Credo che oggi il nostro ruolo, quello delle altre organizzazioni europee e di tutti coloro che lavorano per un’Europa sociale sia di avere la forza di dire la verità, di avere il coraggio di dire a chiare lettere che le scelte che si stanno facendo aumentano la povertà: sono sempre più coloro a rischio di povertà mentre chi era a rischio prima della crisi oggi soffre sempre di più. Dobbiamo avere il coraggio di parlare chiaro e sperare che i nostri leader si sveglino, ci ascoltino e, finalmente, rispondano nella maniera giusta.
In Italia si sta finalmente
aprendo un dibattito sulla necessità di istituire anche da noi uno schema di
reddito minimo. Quale la posizione di EAPN?

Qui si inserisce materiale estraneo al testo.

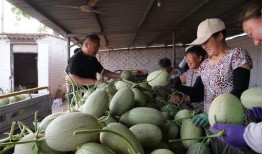 南山和山南吃瓜,一场别开生面的吃瓜盛宴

Il reddito minimo è una delle tante risposte giuste che ci aspettiamo, uno dei pilastri della strategia per l’ “Inclusione Attiva”. Tutti devono avere un reddito minimo decente che li faccia sentire parte della società, che dia a tutti e tutte la possibilità di spendere, di avere una qualche base economica che li metta in grado di contribuire alla ripresa e non essere parte del problema. Al reddito minimo va comunque unito il lavoro di qualità. Oggi, in Europa, siamo caduti nella trappola dei lavori senza qualità e sono tanti coloro che, pur lavorando, sono comunque poveri. Dobbiamo tornare a occuparci della qualità del lavoro, rifiutandoci di pensare che c’è chi non ne troverà mai uno. In tutto questo i servizi pubblici hanno un ruolo fondamentale: sia quelli a carattere economico, come i trasporti pubblici, l’acqua, l’energia ai quali tutti devono poter accedere, sia i servizi sociali che devono essere ben organizzati e a carattere universale, sia il sostegno a chi vive in povertà o è socialmente escluso.
Si è discusso ultimamente
della possibilità che la Commissione europea proponga una direttiva quadro sul
reddito minimo. Quali le possibilità che questa discussione si traduca in
realtà e quale la posizione di EAPN?
La Commissione europea ha fatto chiaramente intendere che non ha alcuna intenzione di procedure su questa strada, almeno per il momento e propone, invece, di valutare se e come gli stati membri abbiano messo mano alla Raccomandazione sull’Inclusione Attiva. Però, il Parlamento europeo sta lavorando molto su questo fronte e la settimana scorsa (inizi di gennaio, per chi legge) un parlamentare europeo ha esplicitamente chiesto alla Commissione di rendere pubblica la sua posizione in materia. Possiamo dire che il Parlamento europeo sta lavorando ai fianchi della Commissione, anche se quest’ultima continua a resistere. EAPN ha una posizione molto chiara. L'istituzione di schemi di reddito minimo adeguato in tutti gli stati membri sarebbe una misura molto utile che, da una parte, aiuterebbe molte persone ad uscire dalla povertà e, dall’altra, ricreerebbe fiducia nell’Europa perché, finalmente, lancerebbe un segnale positivo, occupandosi dei bisogni reali dei suoi cittadini.